Ceannais, Bavoir bave et bavasse, il tabasse aussi, il ironise. Il dénonce, avec virulence. Ce Bavoir éponyme est son premier album, sorti sur Atypeek car loin d’être typique, et Bavoir y provoque un joli foutoir. Ses pensées, ici, débordent, non jugulées. De fait Le boxeur, qui baisse le rideau d’un argumentaire agité, bastonne et dévie. Dans le contenu, on se plait à ne pas se soucier de plaire; on prend un malin plaisir, en véritable « artiste », à brouiller les pistes. L’insipide de nos jours prend une belle beigne, noise, rock, spoken-word aussi, assénée avec autant de déviance que de poésie réaliste. Chanson et rock fusionnant (je pense, plusieurs fois, à Le Singe Blanc) se donnent le change, en phase dans les chemins de traverse qui jalonnent le disque.

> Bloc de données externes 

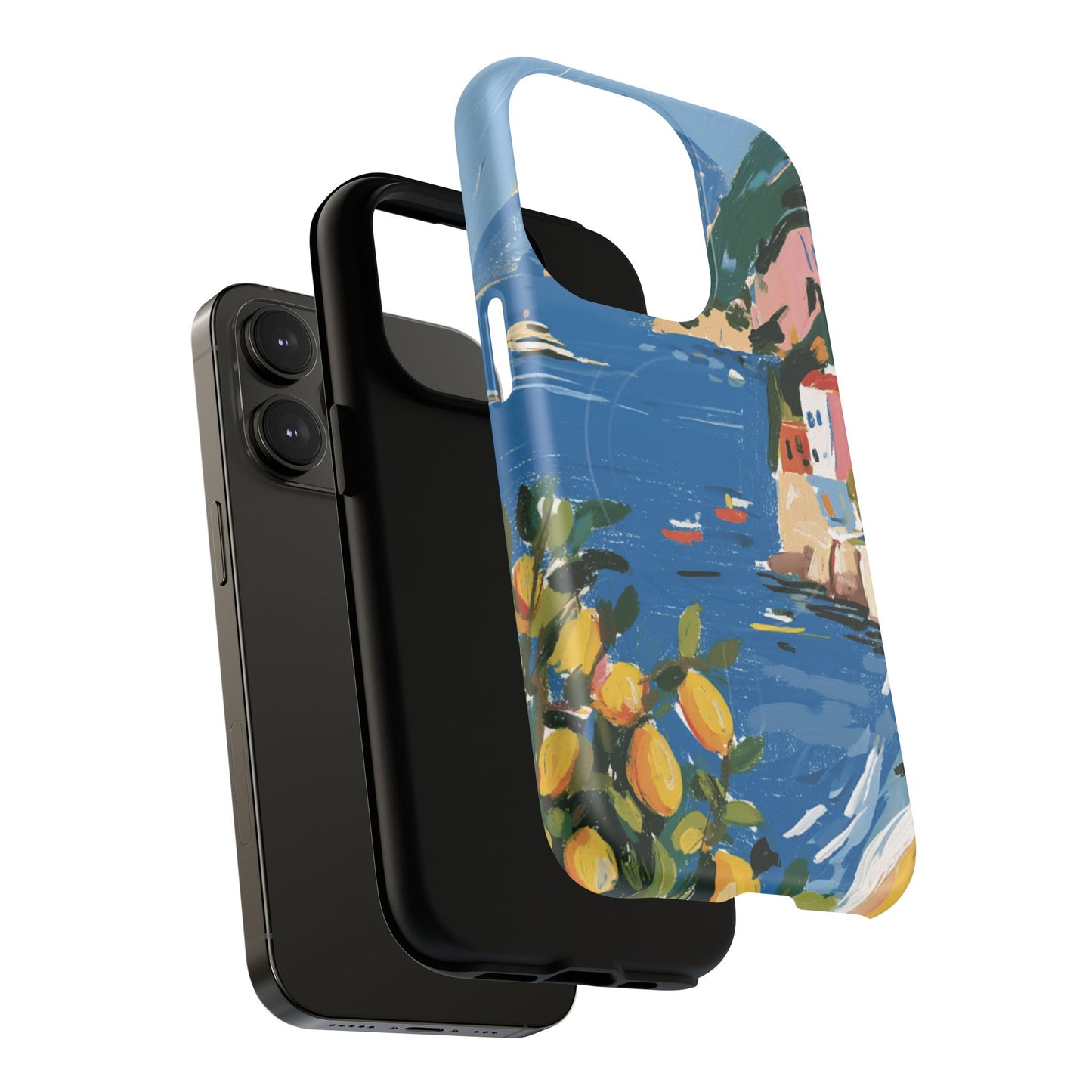 Mediterranean Seaside Phone Case — Painterly Lemon Coast Tough Magnetic Case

Hugo GRUEL : Batterie, Guillaume HARDY : Basse, Maxime METAIS : Guitare et Bubu PAGIER : Chant, unissent leurs êtres, leurs visions et leurs compétences musicales au service d’un rock jamais prévisible, mais dont les balles verbales et musicales atteignent la cible. Indé, groovy (L’immergence, clippé, dont le côté braillé convoque dans ma caboche malmenée le souvenir de la scène indé-alternative de chez nous), à d’autres moments détendu en apparence, fin avant de complètement dérailler (Assieds-toi donc), le registre de Bavoir appelle à la mentalisation tout en semant la confusion. A la réflexion. Sur soi, sur l’entre-soi, sur le sens, sur le décent. Assieds-toi donc, Bavoir a à te parler. Un peu math, un peu littéraire aussi, il passe ses mots à la moulinette d’une musique virulente.

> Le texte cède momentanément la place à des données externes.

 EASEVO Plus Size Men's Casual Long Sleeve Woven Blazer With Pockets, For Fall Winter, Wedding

Good for you jette un hardcore-fusion imparable, celui-ci est « Good for us ». Bavoir ne se définit pas, il crache ses idées, les confronte jusqu’à ce que chaos s’ensuive. Il les braille (Blood n’ heart), use de voix qui ont perdu la voix. Ce faisant, il gagne des voix; les nôtres. Quand il s’apaise (Sourire bleu), il transpire, encore, le brio et dégage une p+++++ d’identité. Mais Mister M, cinglant, réinjecte une folie inspirée, et débridée, dans la mixture du groupe. Bavoir, ce soir, s’invite à la foire, dans laquelle il met un grand coup de manche. Pendant ce temps l’auditeur se déhanche, affolé par un son au groove possédé.
Ils prétendent même, ceux-là, que le Punk is dead. Vu la teneur, ça m’étonnerait. Bref et taillé dans une couenne punk au relents funky délirants, le morceau envoie tout valser. Comme un punk en somme. Pour finir, le quatuor normand joue un Action-baiser-gifle longue durée, qui monte en puissance jusqu’à installer un rock alerte, noise, dont le verbe mérite encore une fois d’être disséqué. Il faudra, pour cela et pour saisir de façon accomplie la portée textuelle de Bavoir, une série d’écoutes poussées. Ca tombe bien; en guise d’ouverture à leur Release-party, prévue à Caen (LABA) ce samedi 21 décembre, la clique nous laisse dix titres forts, volubiles et sans limites, qui mis bout à bout génèrent un rendu dont on ne peut contester la farouche qualité.